CTGAN
CTGAN copied to clipboard
discrete_column_matrix_st from data_sampler class is always 0
Hello,
I noticed that discrete_column_matrix_st from the data_sampler class is not updated and it's always 0. If this is the case, then the function sample_original_condvec(self, batch) would not be picking the correct category of the discrete column. I'm not sure if this is the desired behavior. I'm of the opinion that the discrete_column_matrix_st is supposed to help keep track of the discrete column start position in the data matrix. If my assumption were to be correct, updating the matrix with self._discrete_column_matrix_st[current_id] = st as done below should solve the issue. Please feel free to correct my assumption if otherwise and thank you for open-sourcing your code.
# excerpt: data_sampler.py, line 60-78
for column_info in output_info:
if is_discrete_column(column_info):
span_info = column_info[0]
ed = st + span_info.dim
category_freq = np.sum(data[:, st:ed], axis=0)
if log_frequency:
category_freq = np.log(category_freq + 1)

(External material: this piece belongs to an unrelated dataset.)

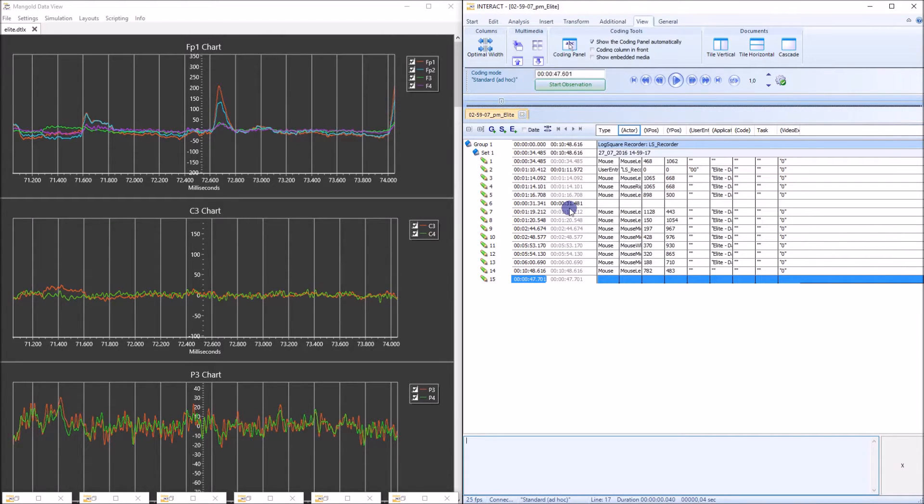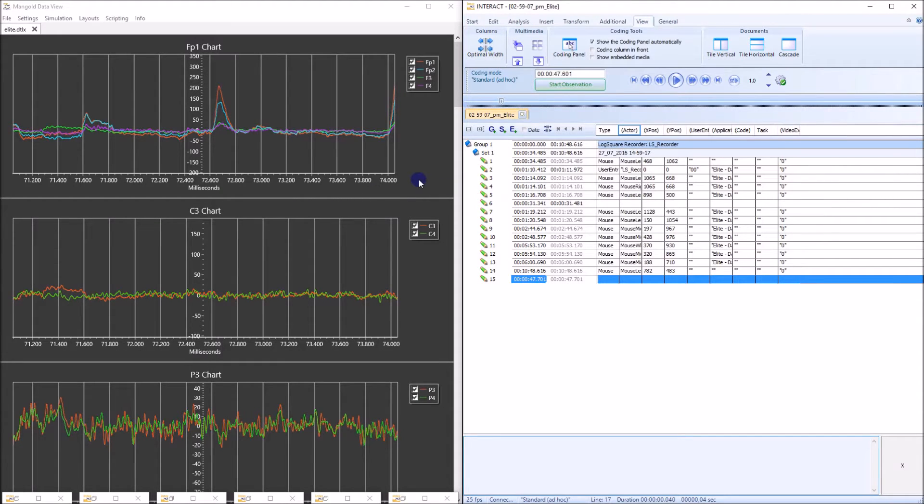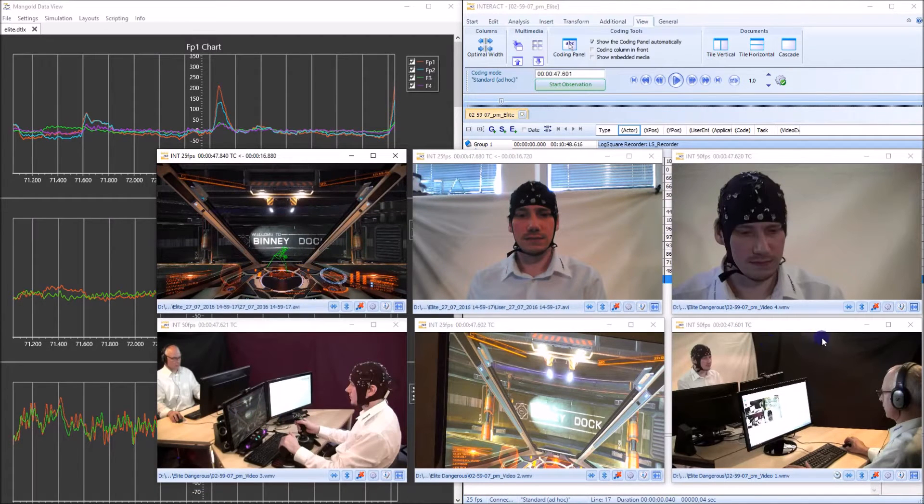On the left hand side you see mangled data view and on the right hand side you see mangled interact. Now they both communicate with each other and if I open the videos then you see those are the videos that were recorded through VideoSync Pro.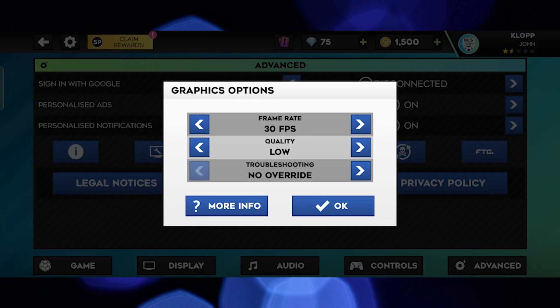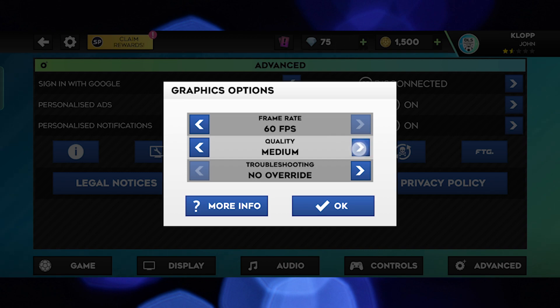Here you can see you can change frame rate by clicking either on the left or the right arrow as needed. The same applies to quality and troubleshooting.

category_prob = category_freq / np.sum(category_freq)
self._discrete_column_category_prob[current_id, :span_info.dim] = (
category_prob)
self._discrete_column_cond_st[current_id] = current_cond_st
self._discrete_column_n_category[current_id] = span_info.dim
# **updated self._discrete_column_matrix_st**
self._discrete_column_matrix_st[current_id] = st
current_cond_st += span_info.dim
current_id += 1
st = ed
else:
st += sum([span_info.dim for span_info in column_info])
I agree that this needs attention. Besides sample_original_condvec, generate_cond_from_condition_column_info is also affected. In the current state, the condition vectors created are not correct. Thanks @tejuafonja for suggesting a fix!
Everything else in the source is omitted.